Thanks for checking. Still really puzzled. Will keep an eye on future builds.

moxious commented 7 years ago

Well, it's going to be hard to tell. The way your Dockerfile works just downloads the JAR in question from some nearest server, so I'm guessing when you built the image you probably can't be sure about where the corrupted JAR even came from. https://github.com/LogicalSpark/docker-tikaserver/blob/master/Dockerfile#L16

I also noticed in your dockerfile that you download a key and gpg import it, and then you download the signature for the tika JAR file: https://github.com/LogicalSpark/docker-tikaserver/blob/master/Dockerfile#L12 but you don't actually verify that the JAR you're getting matches the signature; that seems like a useful thing to do, since otherwise I can't tell what the purpose of the gpg stuff is.

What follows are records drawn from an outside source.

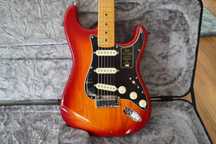 Fender American Ultra Luxe Stratocaster MN, Plasma Burst JAK NOWY
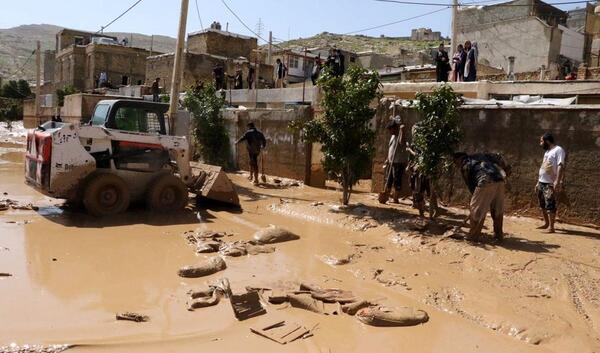 عکس ساناز کیانی در سیل شیراز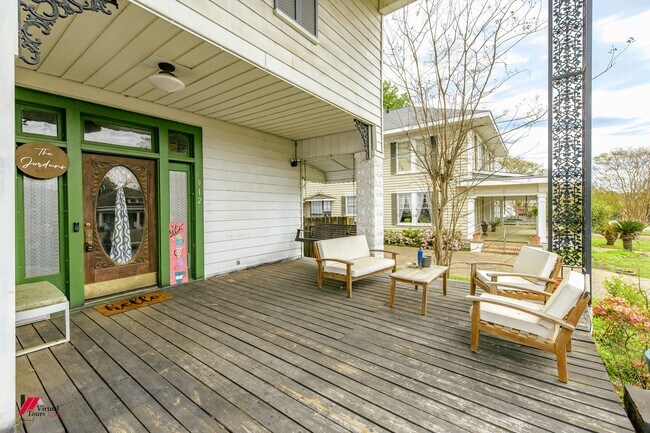 property at 912 Prospect St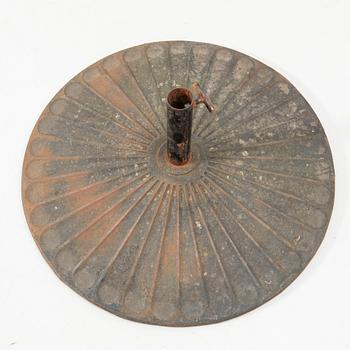 Parasol base, cast iron, early 20th century.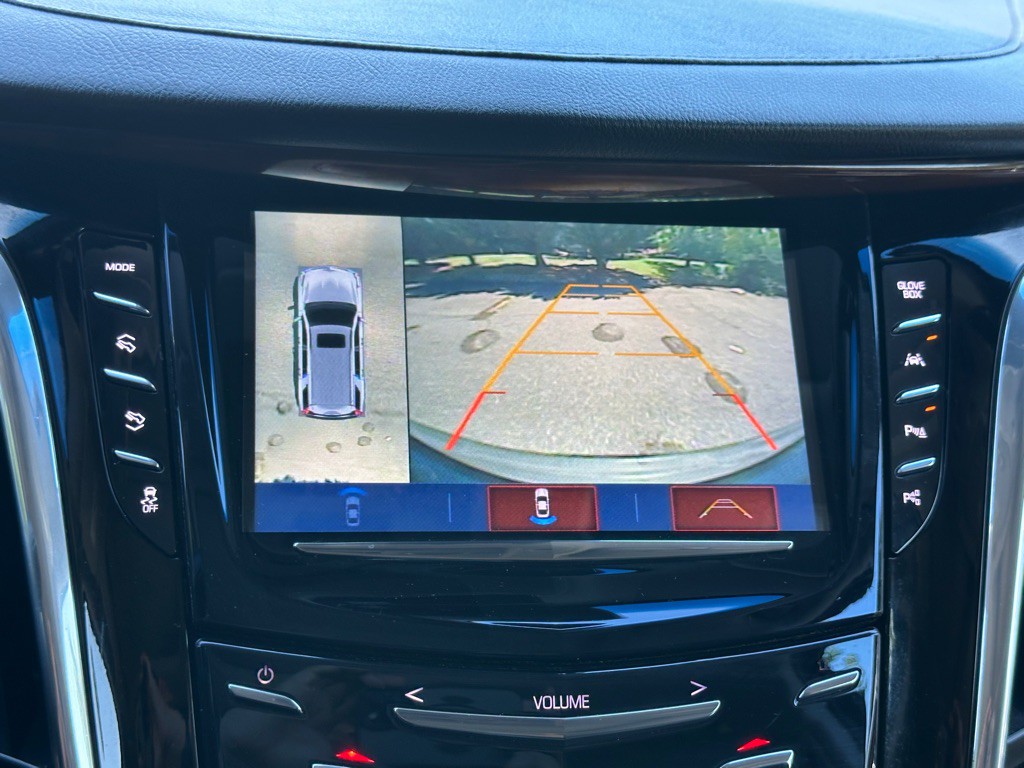 2018 Cadillac Escalade Image 5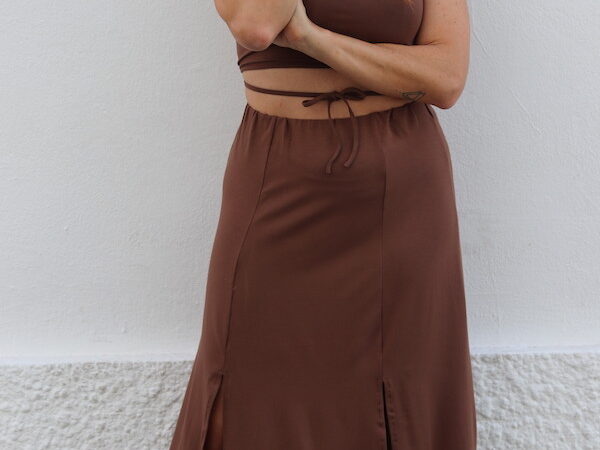 total look Brown con top espalda descubierta y falda midi. Ideal para cualquier ocasión y temporada. estilo zara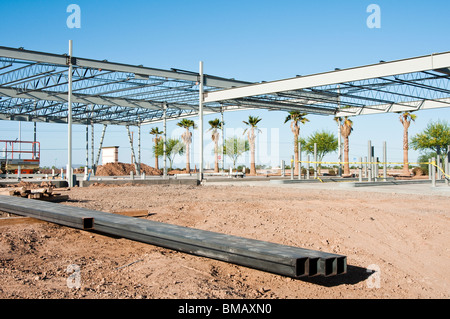 Le squelette en acier de construction d'un nouveau bâtiment commercial avec des poutres d'acier carrés à l'avant-plan Banque D'Images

Since I guess the file was corrupt, this probably would have been something that a gpg signature verification step would have caught. Not sure whether curl did something wrong, or the server had something wrong on it, or every crypto-paranoid's nightmare that someone had posted an illegitimate file, but in any case signature verification seems like the thing to do to triage this in the future.